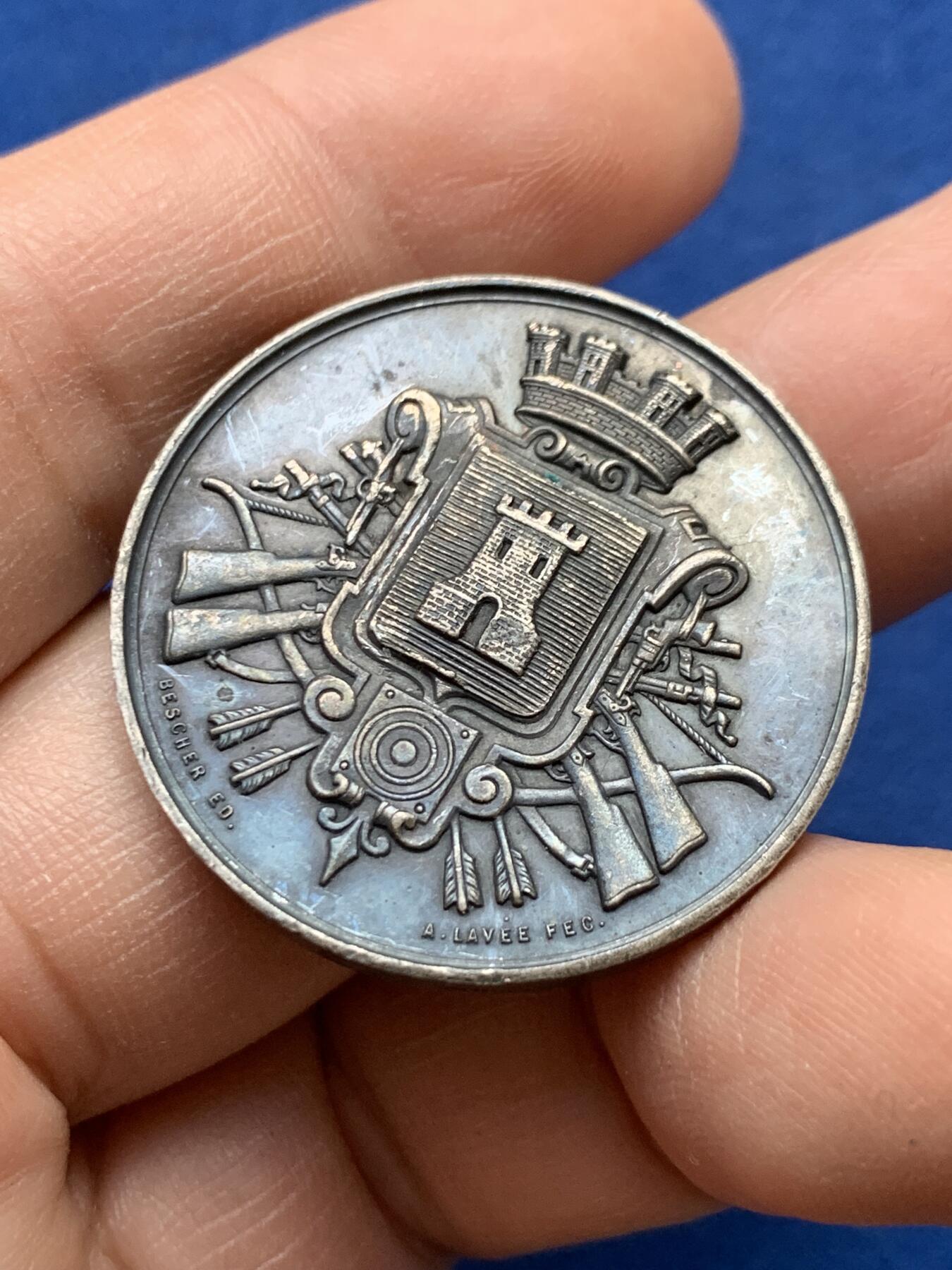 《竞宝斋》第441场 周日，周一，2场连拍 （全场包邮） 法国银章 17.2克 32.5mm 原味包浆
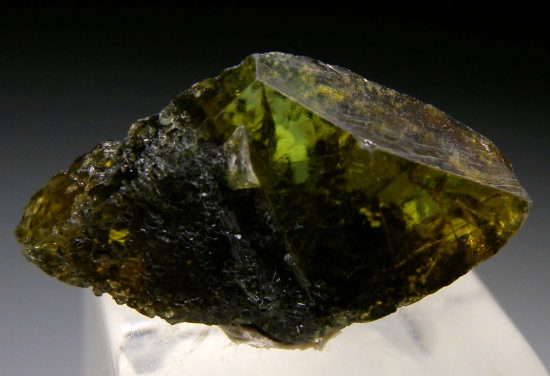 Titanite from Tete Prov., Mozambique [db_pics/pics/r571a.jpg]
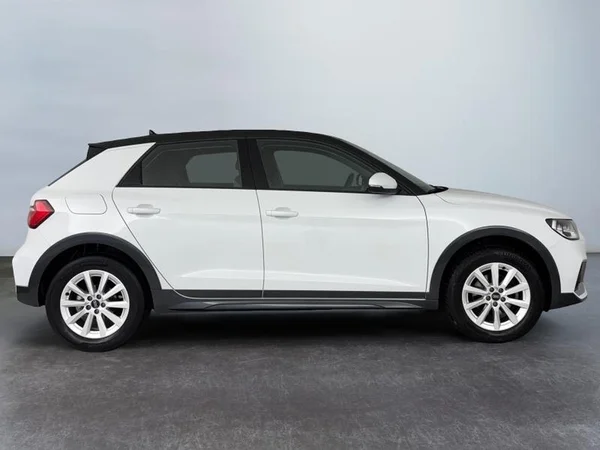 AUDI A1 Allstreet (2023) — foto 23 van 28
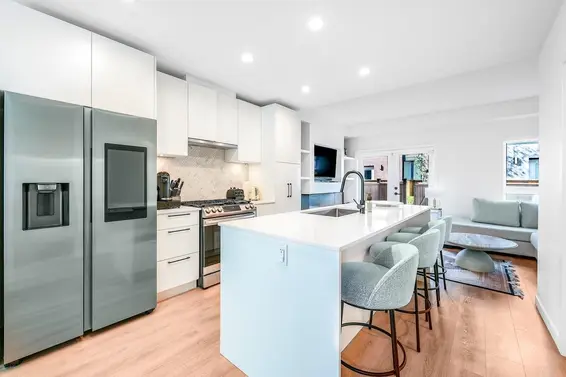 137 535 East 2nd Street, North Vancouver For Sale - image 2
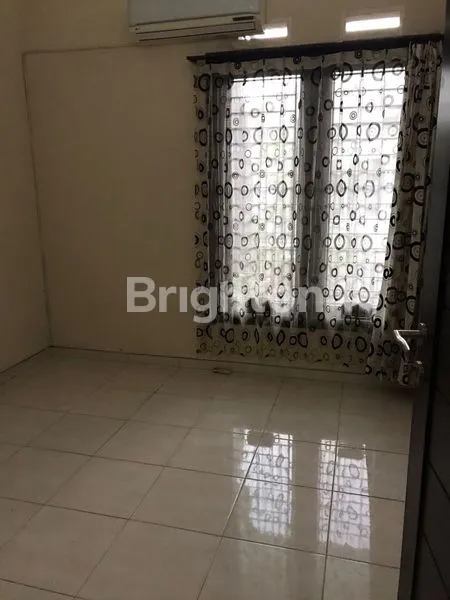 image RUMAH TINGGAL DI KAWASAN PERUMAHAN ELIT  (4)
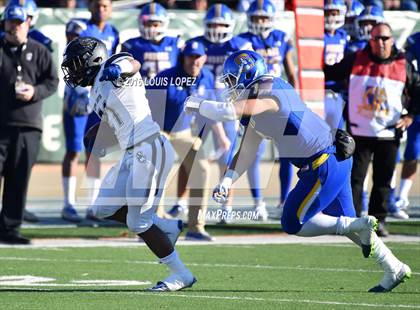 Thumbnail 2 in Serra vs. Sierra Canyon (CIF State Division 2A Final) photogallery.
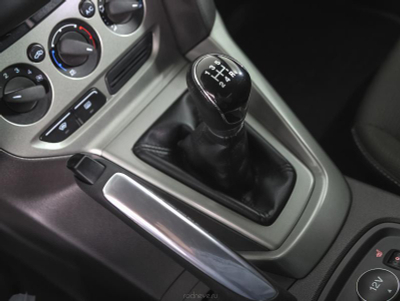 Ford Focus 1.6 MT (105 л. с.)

☆ ☆ ☆ ☆ ☆ ☆ ☆

**Action item:** With the pictures removed, return the data above word for word.

**Task output:**
 《竞宝斋》第441场 周日，周一，2场连拍 （全场包邮） 法国银章 17.2克 32.5mm 原味包浆
 Titanite from Tete Prov., Mozambique [db_pics/pics/r571a.jpg]
 AUDI A1 Allstreet (2023) — foto 23 van 28
 137 535 East 2nd Street, North Vancouver For Sale - image 2
 image RUMAH TINGGAL DI KAWASAN PERUMAHAN ELIT  (4)
 Thumbnail 2 in Serra vs. Sierra Canyon (CIF State Division 2A Final) photogallery.
 Ford Focus 1.6 MT (105 л. с.)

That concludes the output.